◆ **Data**:
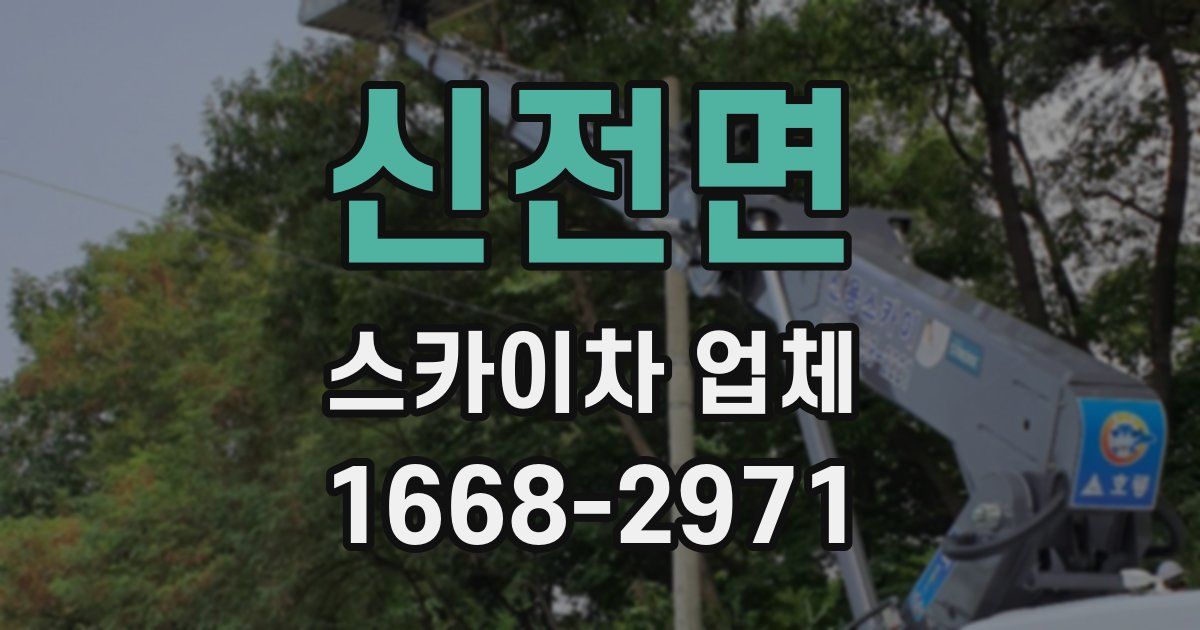 신전면 스카이차 업체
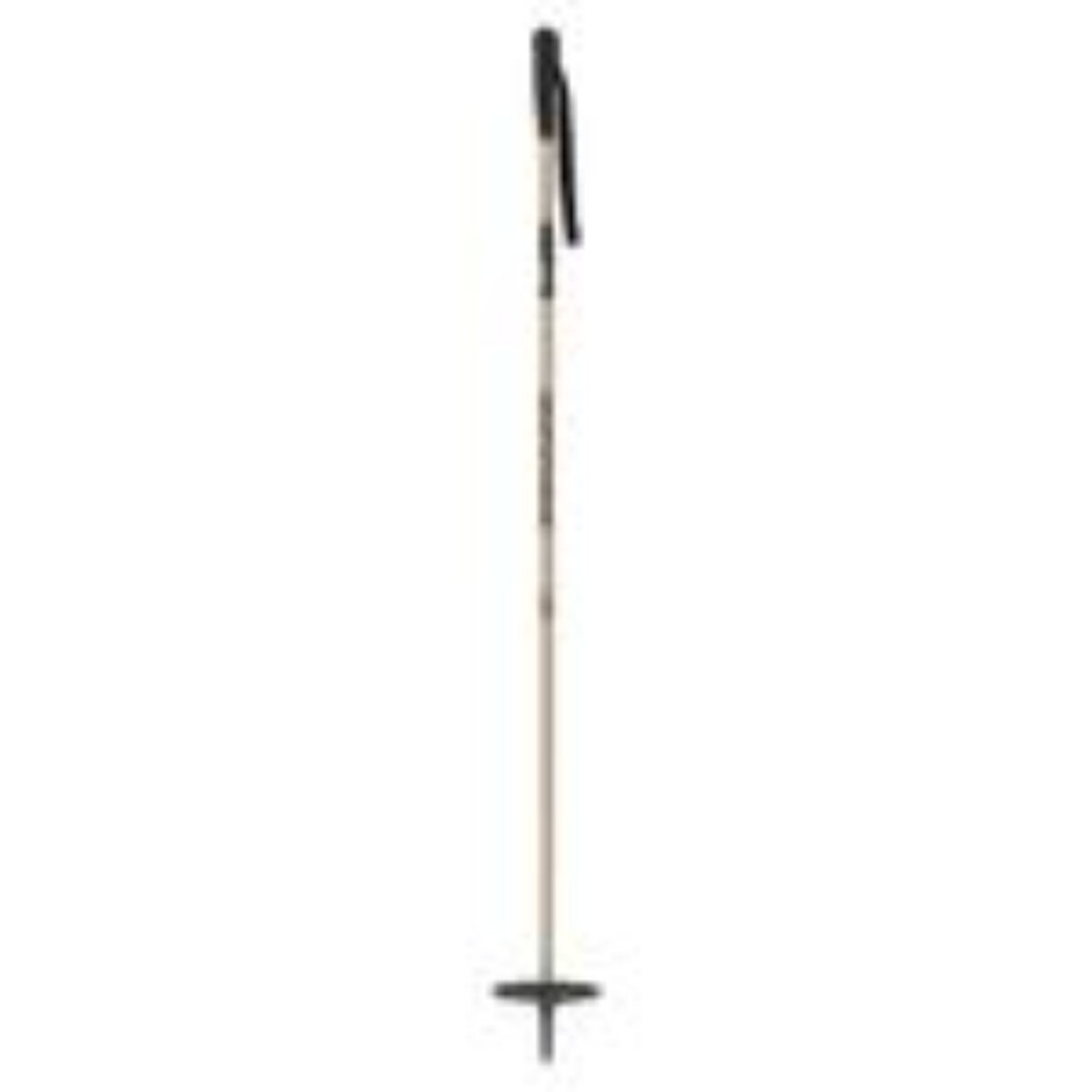 Scott SCO Origin Ski Poles | Christy Sports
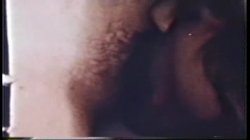 Captura de 'Peepshow Loops 45: 1970's (Color)' nº 40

◆ **Task statement**:
The expected output is every line of the data, unchanged, with the pictures skipped.

◆ **Written response**:
 신전면 스카이차 업체
 Scott SCO Origin Ski Poles | Christy Sports
 Captura de 'Peepshow Loops 45: 1970's (Color)' nº 40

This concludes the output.